Oh... and that brings us to wolves, the cute, wild cousin of the domestic dog who has such strong family ties and must be given rights over any landowner or livestock owner, and is now taking over our West in short order. Just this winter, in our hometown in northeast Oregon, over 150 elk in our neighboring valley hay fields were forced down out of the upper country by wolves, wolves who pushed these herds over the Snake River into our country in the first place. Where will it stop? Common sense for the welfare of our fellow countrymen must outweigh this politically-correct insanity. It is all tied together. The whole Western and rural lifestyle is being threatened by the multitudes who live in the more densely-populated areas of this country and know nothing of what it takes to ranch, farm, or steward the land and bring food to their dinner table or milk to their glass--oh, I mean restaurant table; they don't have time to cook at home, they're too busy with the demands of "city life".
Let us not argue or be antagonistic. I apologize if I sounded a bit rude, but when one is passionate and things just doesn't make any sense, it is easy to get a bit carried away. We must educate and not intimidate those who do not know the other side of the story. To debate and persuade, you must first know the other point of view. We do understand their compassionate efforts to put an end to unnecessary animal cruelty, but they must be made aware of the unintended consequences brought about by the complete annihilation of a specific program or industry. Yes, we should have a haven for a few wild horses, but not to the tune of 60 million dollars a year spent on a program that's not working. There must be balance and fair practices. The folks who want to bring back the horse processing plants have a plan and it's a good one, and it must be heard by all. It's all about the horses and our property rights.

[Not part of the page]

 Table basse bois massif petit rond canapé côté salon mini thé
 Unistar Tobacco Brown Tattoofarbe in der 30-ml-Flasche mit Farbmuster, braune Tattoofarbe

Western folks would rather be left alone; that's why many of us live out west and a long way from anybody, so cooperative efforts have always been a struggle. But we must stand up and unite and be heard. Our larger horse organizations need to be encouraged to help in the fight--they have the pull, but are reluctant to be out in front. We as members need to push for our representation. Being politically correct is quickly becoming a joke, as it serves no one. Being fiscally responsible is a large part of this equation, and most of us can understand that, no matter which side of the fence we are on.